All of the records that follow need to be copied word for word, without the pictures.

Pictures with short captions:
────────────────────────────────────────

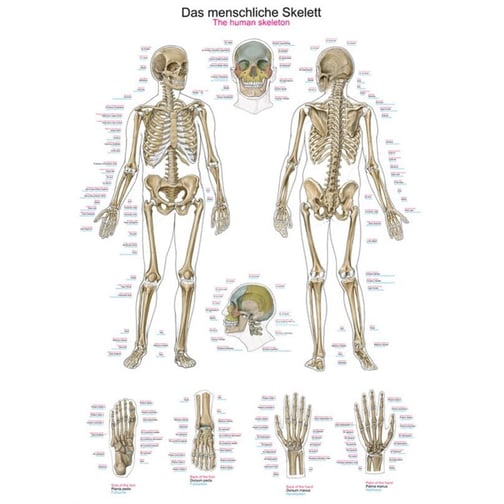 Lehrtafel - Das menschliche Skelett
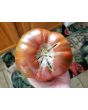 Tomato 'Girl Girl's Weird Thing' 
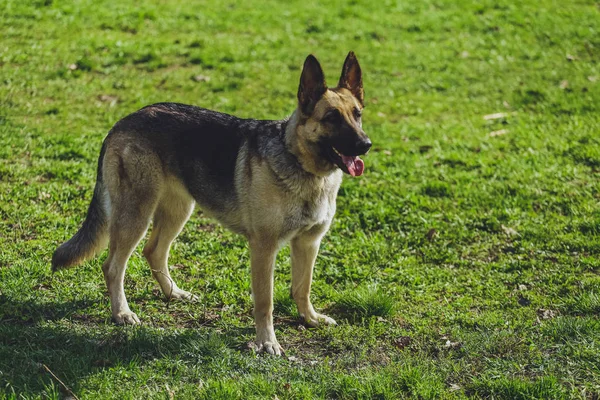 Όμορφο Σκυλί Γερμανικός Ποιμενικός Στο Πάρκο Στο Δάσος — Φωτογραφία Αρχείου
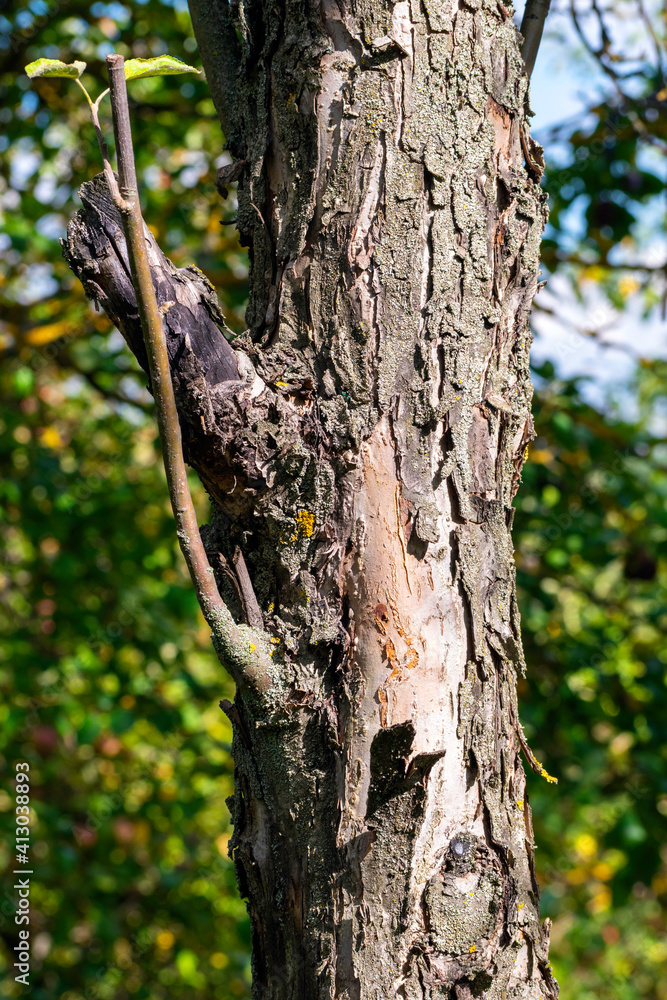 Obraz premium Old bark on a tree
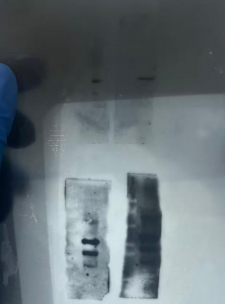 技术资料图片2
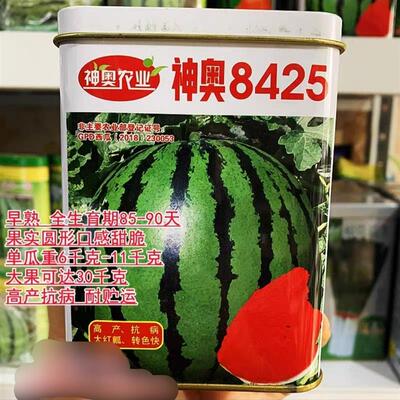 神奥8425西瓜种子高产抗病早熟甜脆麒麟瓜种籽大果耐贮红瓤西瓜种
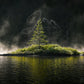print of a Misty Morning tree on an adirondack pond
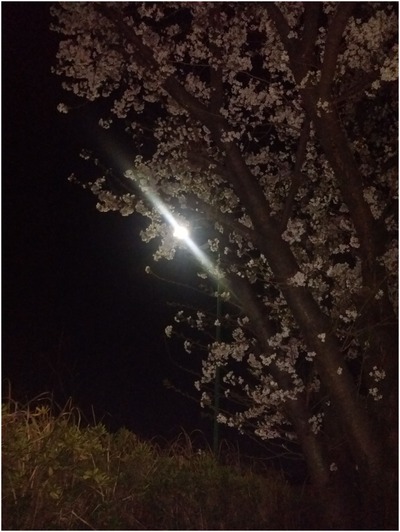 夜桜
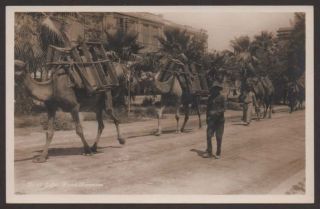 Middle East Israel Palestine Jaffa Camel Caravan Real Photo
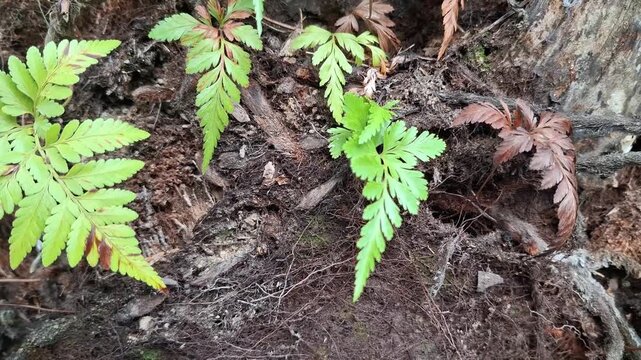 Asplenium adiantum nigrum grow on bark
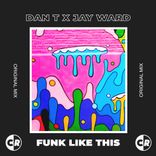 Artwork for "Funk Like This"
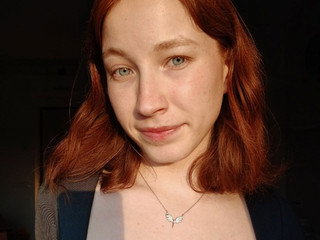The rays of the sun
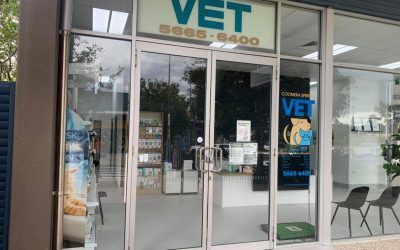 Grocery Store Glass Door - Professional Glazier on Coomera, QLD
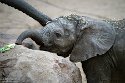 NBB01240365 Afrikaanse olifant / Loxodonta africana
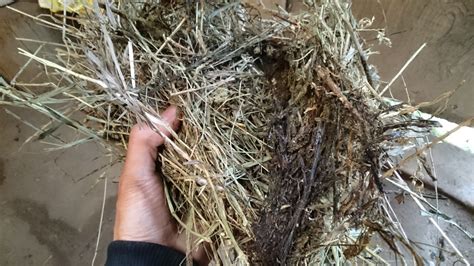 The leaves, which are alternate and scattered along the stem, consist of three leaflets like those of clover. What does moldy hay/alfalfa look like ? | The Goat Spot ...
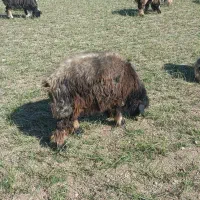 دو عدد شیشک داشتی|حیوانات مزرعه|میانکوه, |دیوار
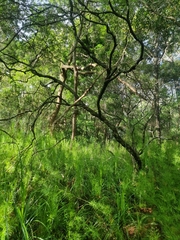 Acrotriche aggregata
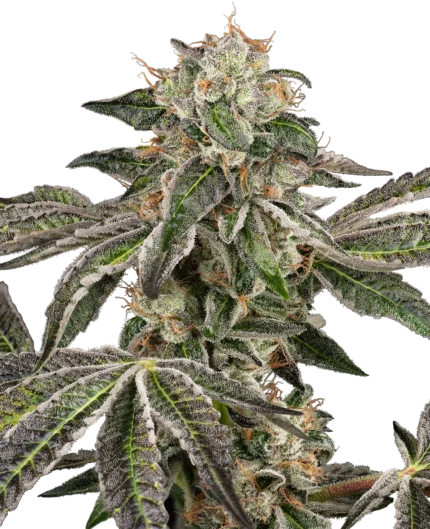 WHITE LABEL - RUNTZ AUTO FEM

────────────────────────────────────────

• WRITTEN REPLY
 Lehrtafel - Das menschliche Skelett
 Tomato 'Girl Girl's Weird Thing' 
 Όμορφο Σκυλί Γερμανικός Ποιμενικός Στο Πάρκο Στο Δάσος — Φωτογραφία Αρχείου
 Obraz premium Old bark on a tree
 技术资料图片2
 神奥8425西瓜种子高产抗病早熟甜脆麒麟瓜种籽大果耐贮红瓤西瓜种
print of a Misty Morning tree on an adirondack pond
 夜桜
 Middle East Israel Palestine Jaffa Camel Caravan Real Photo
 Asplenium adiantum nigrum grow on bark
 Artwork for "Funk Like This"
The rays of the sun
 Grocery Store Glass Door - Professional Glazier on Coomera, QLD
 NBB01240365 Afrikaanse olifant / Loxodonta africana
 The leaves, which are alternate and scattered along the stem, consist of three leaflets like those of clover. What does moldy hay/alfalfa look like ? | The Goat Spot ...
 دو عدد شیشک داشتی|حیوانات مزرعه|میانکوه, |دیوار
 Acrotriche aggregata
 WHITE LABEL - RUNTZ AUTO FEM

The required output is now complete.